Varunika Saraf’s Untitled is a poignant homage to the extra-ordinary political figures who are no more with us, or those who were taken away from us in the current political climate of hate and intolerance. Referring to the turbulent political past and present of South Asia, Saraf conjures up a constellation of stars, using the portraits of these important political, literary, and artistic figures in the sky. She resurrects some important personalities such as Kandal Pokkudan, Shankar Guha Niyogi, Mahasweta Devi, Saadat Hasan Manto, Mrinalini Sarabhai -- all of them united in their relentless commitment to highlight the plight of the downtrodden and ensure the plurality of this country.

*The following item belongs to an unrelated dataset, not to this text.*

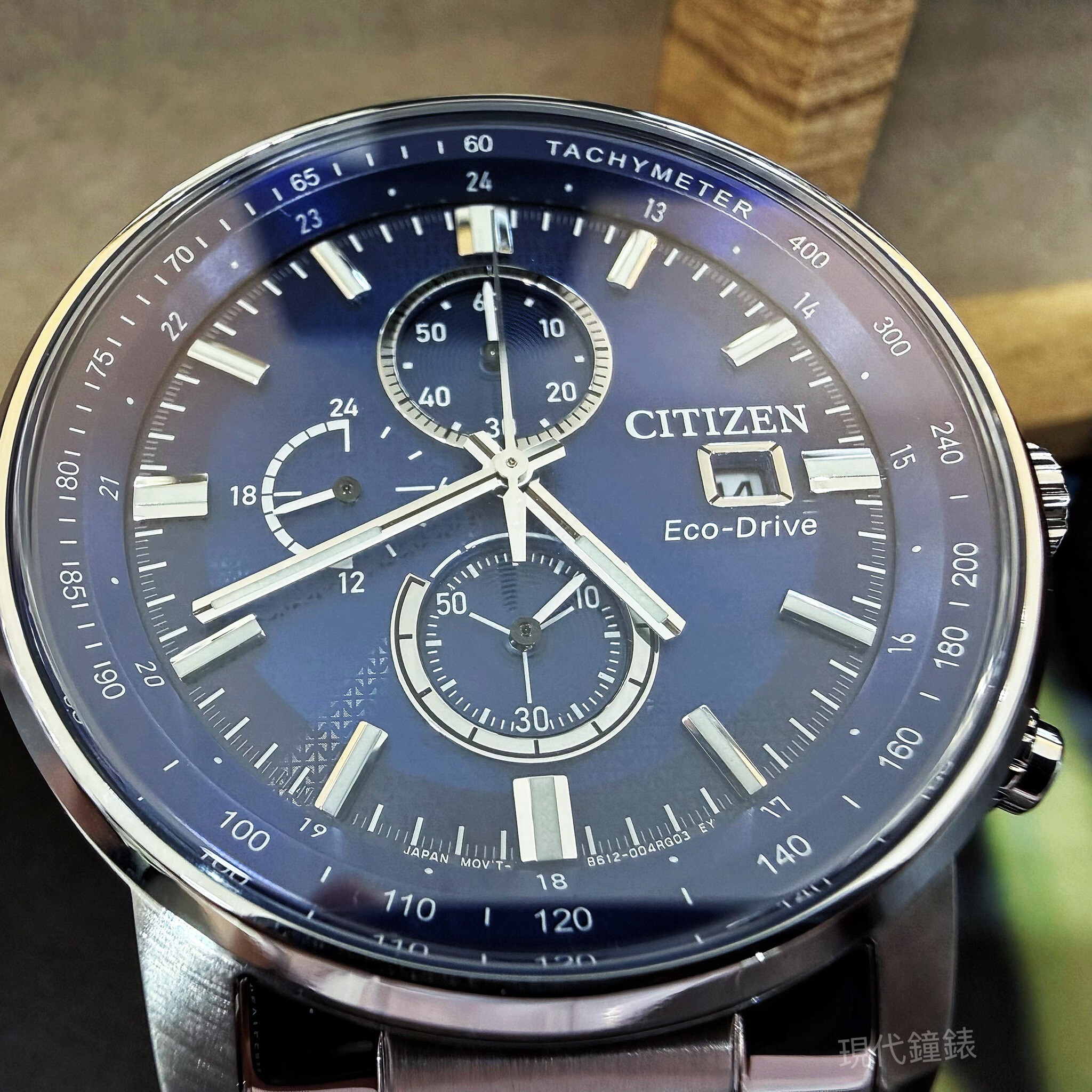 【CITIZEN 星辰】 Chronograph系列 藍面計時腕錶CA0840-87L 43mm 現代鐘錶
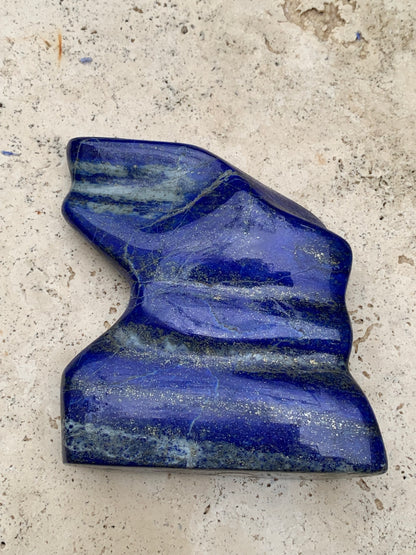 Lapis lazuli, forme libre polie de 91 x 81 x 28 mm - 322 grammes. Un bleu envoûtant et fascinant, pierre des pharaons !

The work is very clearly inspired by Rohit Vemula’s haunting suicide note and his allusion to Carl Sagan’s metaphor of “starstuff”. According to Sagan we all share the same essential elements of life, the chemical components which are distributed universally, thus, making us all equal. These ‘stars’ in her work serve as guiding lights for our society, warning us against the impending dangers of fascism. Soumybrata Choudhury while referring to Rohit Vemula’s suicide note and the allusion to “starstuff” in his book Ambekdar and Other Immortals: An Untouchable Research Programme writes that Vemula aspired for an egalitarian, eternal universe by equating us all as the products of similar building blocks. But this radical concept is confined to the sphere of physics textbooks and we fail to apply it to the existential and political domain. Saraf’s painting is a reminder of this harsh disparity.

Thukral and Tagra’s group of paintings from the series Windows of Opportunity reflect upon the struggle to meet aspirations in a globalised world and the unspoken tragedies in achieving them. By focusing on the socio-political issues behind the migration of the Punjabi diaspora and the hardships faced by immigrant families, Thukral and Tagra, highlight how aspirations are turned into windows of opportunities. Opportunity is fetishized and marketed by contemporary capitalism as the catchphrase of our times to abdicate from its own role in creating an unequal world and conceal the exploitative system it has created. The protagonists in their paintings are framed in airplane windows, lost in dream, hoping for redemption, even as these portraits are encased in pinball game machines. The artists hint that this exodus in search of opportunities is a never- ending game with unexpected ups and downs.

Mithu Sen’s visceral Conjoined Twins is a deeply haunting painting in which conjoined twins are rendered as mutilated and disfigured. The grotesqueness is aestheticized by a dream like setting, which disorients the viewer. Sen’s passionate and energetic depiction presents a terrifying vision of reality. Similarly, Gieve Patel’s Mourners appear to be in a state of distress and agony, lamenting a terrible loss. Moving away from the historic conventions of portraits both these artists mobilise a range of new visual and conceptual concerns to push the genre of portraits. Finally Atul Dodiya’s group of ‘Untitled’ paintings from his Egyptian Girlfriends refers the tradition of portraiture in history by drawing influences from the Fayum Mummy Portraits. Finally Dodiya has superimposed the image of his partner and renowned artist Anju Dodiya in these portraits. Through these Dodiya draws our attention to the long history of this genre and instrumentalises it to narrate an intimate tale of love, friendship and an artistic journey.